Reproduce each line from the first in the data through the line that contains "NAMESAKE Winston 4-in-1" exactly; give nothing else.

> _EXTRACTED DATA_
== Segment start ==

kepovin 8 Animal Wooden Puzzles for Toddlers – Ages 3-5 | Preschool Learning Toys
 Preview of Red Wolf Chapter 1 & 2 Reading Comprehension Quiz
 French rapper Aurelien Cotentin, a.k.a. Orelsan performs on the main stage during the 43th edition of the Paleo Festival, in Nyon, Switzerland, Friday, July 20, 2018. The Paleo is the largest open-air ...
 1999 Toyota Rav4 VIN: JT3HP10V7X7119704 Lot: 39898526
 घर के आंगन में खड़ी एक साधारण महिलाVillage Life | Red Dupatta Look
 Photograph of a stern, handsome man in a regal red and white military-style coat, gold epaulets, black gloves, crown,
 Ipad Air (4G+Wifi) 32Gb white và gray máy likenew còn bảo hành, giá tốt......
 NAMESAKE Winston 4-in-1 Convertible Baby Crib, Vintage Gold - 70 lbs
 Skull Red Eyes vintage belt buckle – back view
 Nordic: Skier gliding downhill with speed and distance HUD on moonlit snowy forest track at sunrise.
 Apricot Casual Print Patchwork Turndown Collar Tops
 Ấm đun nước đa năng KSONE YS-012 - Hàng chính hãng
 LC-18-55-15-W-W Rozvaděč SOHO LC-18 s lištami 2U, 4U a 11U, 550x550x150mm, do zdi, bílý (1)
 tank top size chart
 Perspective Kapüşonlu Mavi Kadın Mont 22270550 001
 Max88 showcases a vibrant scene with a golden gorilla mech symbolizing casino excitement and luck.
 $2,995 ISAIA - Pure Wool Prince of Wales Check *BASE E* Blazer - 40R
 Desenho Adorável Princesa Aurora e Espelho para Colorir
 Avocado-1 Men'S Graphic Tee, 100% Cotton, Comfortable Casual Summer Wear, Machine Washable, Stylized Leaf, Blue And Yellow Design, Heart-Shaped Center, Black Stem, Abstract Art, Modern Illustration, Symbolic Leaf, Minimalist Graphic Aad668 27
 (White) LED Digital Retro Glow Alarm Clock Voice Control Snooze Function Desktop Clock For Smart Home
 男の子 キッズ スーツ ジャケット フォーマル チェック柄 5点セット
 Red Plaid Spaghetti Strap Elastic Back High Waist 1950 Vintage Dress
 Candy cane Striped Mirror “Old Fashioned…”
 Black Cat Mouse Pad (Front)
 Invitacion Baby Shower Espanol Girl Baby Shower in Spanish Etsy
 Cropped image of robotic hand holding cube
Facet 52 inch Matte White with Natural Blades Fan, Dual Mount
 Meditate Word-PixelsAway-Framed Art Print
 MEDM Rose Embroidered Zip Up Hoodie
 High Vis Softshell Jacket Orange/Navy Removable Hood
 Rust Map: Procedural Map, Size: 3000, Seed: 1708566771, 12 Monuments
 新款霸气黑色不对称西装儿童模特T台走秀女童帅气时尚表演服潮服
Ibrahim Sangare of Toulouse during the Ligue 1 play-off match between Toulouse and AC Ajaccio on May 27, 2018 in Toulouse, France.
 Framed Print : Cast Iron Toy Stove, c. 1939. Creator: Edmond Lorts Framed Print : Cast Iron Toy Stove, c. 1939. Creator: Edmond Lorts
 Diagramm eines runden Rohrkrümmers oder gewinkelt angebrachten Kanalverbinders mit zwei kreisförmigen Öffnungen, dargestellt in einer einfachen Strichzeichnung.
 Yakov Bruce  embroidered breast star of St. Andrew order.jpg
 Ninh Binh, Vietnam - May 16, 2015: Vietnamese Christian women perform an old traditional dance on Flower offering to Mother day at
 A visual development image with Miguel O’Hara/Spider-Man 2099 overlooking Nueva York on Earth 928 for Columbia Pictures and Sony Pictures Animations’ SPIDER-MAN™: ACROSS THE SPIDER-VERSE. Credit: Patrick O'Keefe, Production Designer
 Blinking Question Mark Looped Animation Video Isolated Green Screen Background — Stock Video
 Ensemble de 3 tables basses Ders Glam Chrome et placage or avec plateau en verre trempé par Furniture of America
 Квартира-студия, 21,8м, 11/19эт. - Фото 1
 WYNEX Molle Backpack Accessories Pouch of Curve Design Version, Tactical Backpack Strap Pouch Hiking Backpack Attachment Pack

== Segment end ==

> _ANSWER TO THIS PROBLEM_
kepovin 8 Animal Wooden Puzzles for Toddlers – Ages 3-5 | Preschool Learning Toys
 Preview of Red Wolf Chapter 1 & 2 Reading Comprehension Quiz
 French rapper Aurelien Cotentin, a.k.a. Orelsan performs on the main stage during the 43th edition of the Paleo Festival, in Nyon, Switzerland, Friday, July 20, 2018. The Paleo is the largest open-air ...
 1999 Toyota Rav4 VIN: JT3HP10V7X7119704 Lot: 39898526
 घर के आंगन में खड़ी एक साधारण महिलाVillage Life | Red Dupatta Look
 Photograph of a stern, handsome man in a regal red and white military-style coat, gold epaulets, black gloves, crown,
 Ipad Air (4G+Wifi) 32Gb white và gray máy likenew còn bảo hành, giá tốt......
 NAMESAKE Winston 4-in-1 Convertible Baby Crib, Vintage Gold - 70 lbs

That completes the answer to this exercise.